So why am I sitting here writing the abridged version of my life? I guess because I am lost. I keep thinking it will go away and I feel better sometimes but the feeling better is often replaced by the rotten feeling I still have. I have lost 50 lbs and then gained 60. I have not dated. My divorce was final in November of 2011. I miss my friend. I miss some aspects of my life but I know I cannot return there. I just feel abandoned for lack of a better word and trust? Wow trust is a complete b!tch for me right now. My house is a mess. Daily things in life I just don't have the energy for and I keep wondering when this is going to change?? I felt so much better just a year ago....yet in the past two weeks this has all just erupted in my head and I truly just want to move on. I just don't know how.........I miss life as I knew it.....which is sad.


----------



## nice777guy (Nov 23, 2009)

ABeautifulDisaster said:


> So why am I sitting here writing the abridged version of my life? I guess because I am lost. I keep thinking it will go away and I feel better sometimes but the feeling better is often replaced by the rotten feeling I still have. I have lost 50 lbs and then gained 60. I have not dated. My divorce was final in November of 2011. I miss my friend. I miss some aspects of my life but I know I cannot return there. I just feel abandoned for lack of a better word and trust? Wow trust is a complete b!tch for me right now. My house is a mess. Daily things in life I just don't have the energy for and I keep wondering when this is going to change?? I felt so much better just a year ago....yet in the past two weeks this has all just erupted in my head and I truly just want to move on. I just don't know how.........I miss life as I knew it.....which is sad.


Call it depression or mourning. You're hurting, and that's normal.

My marriage was over about a year ago - the divorce final almost four months ago.

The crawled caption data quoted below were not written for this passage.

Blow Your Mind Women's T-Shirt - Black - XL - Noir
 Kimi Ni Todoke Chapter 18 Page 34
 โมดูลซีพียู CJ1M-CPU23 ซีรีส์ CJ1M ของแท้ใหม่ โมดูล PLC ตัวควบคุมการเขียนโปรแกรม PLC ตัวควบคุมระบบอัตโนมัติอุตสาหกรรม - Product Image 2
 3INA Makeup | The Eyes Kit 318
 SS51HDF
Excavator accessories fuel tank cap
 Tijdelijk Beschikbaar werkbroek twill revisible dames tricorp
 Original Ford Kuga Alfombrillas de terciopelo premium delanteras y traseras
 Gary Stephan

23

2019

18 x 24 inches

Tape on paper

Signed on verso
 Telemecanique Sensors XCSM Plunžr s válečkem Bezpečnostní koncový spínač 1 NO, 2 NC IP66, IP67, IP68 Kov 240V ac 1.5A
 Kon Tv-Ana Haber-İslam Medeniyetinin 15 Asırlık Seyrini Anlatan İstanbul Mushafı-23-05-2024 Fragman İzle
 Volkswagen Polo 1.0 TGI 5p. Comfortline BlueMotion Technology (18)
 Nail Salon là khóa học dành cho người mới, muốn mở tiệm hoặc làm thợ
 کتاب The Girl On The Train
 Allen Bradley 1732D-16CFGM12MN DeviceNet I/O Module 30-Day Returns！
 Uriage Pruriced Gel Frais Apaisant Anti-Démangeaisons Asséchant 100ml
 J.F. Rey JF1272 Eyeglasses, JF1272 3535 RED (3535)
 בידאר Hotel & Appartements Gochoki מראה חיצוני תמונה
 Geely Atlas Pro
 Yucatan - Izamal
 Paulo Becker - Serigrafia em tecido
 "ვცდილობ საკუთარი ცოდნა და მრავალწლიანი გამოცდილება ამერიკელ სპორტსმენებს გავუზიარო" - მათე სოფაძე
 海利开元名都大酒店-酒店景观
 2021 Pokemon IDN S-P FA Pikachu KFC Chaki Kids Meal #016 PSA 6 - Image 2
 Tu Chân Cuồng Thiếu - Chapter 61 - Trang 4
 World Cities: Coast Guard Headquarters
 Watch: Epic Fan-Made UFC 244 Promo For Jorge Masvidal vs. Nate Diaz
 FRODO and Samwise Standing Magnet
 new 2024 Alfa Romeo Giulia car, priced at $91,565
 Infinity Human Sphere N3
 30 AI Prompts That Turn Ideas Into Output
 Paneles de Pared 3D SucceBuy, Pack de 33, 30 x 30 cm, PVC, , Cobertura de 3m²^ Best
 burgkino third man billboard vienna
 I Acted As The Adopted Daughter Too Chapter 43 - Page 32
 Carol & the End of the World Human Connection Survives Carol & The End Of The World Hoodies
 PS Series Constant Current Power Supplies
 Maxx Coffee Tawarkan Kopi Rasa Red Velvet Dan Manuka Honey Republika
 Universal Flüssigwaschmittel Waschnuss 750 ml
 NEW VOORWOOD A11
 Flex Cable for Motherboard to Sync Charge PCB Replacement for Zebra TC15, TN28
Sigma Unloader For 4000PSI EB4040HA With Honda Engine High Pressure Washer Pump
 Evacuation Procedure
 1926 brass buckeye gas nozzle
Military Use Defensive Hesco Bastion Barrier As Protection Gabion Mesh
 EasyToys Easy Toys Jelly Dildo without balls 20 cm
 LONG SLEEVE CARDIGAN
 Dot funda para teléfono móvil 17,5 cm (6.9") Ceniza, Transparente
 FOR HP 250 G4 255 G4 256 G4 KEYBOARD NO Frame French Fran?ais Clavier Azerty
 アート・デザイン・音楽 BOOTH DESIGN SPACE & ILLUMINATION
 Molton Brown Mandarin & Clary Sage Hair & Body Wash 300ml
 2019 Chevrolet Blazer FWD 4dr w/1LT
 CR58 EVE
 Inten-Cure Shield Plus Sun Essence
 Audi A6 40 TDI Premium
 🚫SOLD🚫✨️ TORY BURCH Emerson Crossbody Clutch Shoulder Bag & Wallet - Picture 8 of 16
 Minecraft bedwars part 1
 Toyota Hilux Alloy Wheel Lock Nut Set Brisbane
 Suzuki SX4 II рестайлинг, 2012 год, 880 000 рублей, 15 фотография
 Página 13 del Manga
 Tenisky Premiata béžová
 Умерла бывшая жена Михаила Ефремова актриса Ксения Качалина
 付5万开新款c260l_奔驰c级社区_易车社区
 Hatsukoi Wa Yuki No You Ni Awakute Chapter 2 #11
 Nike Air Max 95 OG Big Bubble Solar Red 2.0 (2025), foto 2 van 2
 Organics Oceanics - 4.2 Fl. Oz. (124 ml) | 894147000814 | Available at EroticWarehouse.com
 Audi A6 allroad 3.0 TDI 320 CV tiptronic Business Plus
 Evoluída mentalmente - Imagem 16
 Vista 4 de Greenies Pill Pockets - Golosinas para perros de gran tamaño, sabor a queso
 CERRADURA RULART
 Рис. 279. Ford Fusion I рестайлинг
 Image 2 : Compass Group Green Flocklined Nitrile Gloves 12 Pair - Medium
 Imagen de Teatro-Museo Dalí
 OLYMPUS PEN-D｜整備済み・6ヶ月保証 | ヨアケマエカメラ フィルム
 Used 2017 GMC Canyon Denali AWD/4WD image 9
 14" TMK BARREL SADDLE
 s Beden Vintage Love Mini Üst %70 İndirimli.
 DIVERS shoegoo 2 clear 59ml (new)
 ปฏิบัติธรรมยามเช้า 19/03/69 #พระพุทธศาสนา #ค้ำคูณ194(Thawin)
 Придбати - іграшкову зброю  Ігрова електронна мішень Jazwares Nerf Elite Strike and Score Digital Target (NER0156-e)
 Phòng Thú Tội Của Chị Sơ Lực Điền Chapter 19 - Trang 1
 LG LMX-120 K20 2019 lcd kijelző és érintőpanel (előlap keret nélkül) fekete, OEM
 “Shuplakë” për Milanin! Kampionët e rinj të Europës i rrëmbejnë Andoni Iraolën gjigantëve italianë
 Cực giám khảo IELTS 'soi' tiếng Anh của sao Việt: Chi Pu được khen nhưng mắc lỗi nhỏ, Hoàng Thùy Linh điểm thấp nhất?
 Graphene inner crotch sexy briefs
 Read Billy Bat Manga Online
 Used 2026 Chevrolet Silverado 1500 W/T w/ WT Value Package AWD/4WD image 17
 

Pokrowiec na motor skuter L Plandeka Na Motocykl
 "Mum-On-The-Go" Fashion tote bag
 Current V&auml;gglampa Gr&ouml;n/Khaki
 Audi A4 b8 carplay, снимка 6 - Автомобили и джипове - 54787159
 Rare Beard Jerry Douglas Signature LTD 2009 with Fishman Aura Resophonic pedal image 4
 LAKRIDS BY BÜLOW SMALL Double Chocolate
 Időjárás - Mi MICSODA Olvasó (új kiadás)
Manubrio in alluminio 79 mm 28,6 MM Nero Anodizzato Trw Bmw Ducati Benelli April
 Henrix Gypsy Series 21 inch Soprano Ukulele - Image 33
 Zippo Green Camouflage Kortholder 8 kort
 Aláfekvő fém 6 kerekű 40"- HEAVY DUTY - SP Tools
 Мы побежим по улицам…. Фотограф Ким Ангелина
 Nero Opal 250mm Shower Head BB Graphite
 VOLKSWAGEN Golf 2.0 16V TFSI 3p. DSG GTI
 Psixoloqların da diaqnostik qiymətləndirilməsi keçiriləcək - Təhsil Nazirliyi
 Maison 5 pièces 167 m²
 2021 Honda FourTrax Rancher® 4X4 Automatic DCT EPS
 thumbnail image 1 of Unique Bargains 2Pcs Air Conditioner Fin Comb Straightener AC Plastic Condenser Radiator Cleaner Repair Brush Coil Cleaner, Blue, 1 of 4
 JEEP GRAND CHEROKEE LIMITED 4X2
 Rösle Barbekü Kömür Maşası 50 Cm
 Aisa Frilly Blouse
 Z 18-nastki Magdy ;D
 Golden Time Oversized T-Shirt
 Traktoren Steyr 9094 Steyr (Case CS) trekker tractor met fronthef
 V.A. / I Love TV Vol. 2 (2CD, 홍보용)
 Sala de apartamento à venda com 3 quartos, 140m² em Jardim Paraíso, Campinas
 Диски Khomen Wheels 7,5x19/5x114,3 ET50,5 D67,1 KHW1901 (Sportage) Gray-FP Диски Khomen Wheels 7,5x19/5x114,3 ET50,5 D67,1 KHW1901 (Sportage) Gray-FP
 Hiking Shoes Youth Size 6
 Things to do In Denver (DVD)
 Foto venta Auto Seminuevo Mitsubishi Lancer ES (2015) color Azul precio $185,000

I kept the house - and with it - I inherited 10 years of "stuff" - while she took only what she wanted and needed to her new place. Took me a few months, but I've finally started clearing out papers and could probably pull the van in the garage if I wanted to. Probably...

The energy will eventually come back - gradually. Give yourself some time - you need it.


----------



## lamaga (May 8, 2012)

Nice is right...you are mourning, which is perfectly fine.

Also, I've been in your shoes -- you are not just mourning a marriage, you are mourning the loss of a friend you had for 25 years. You know, the person you would talk to about your failed marriage, except you married him. I did the same thing, and while I never ever have missed him as a husband, I do sometimes miss the friend.

Please give yourself a break. You don't need to be dating right now, you need to be taking very good, very loving care of yourself. Good luck.


----------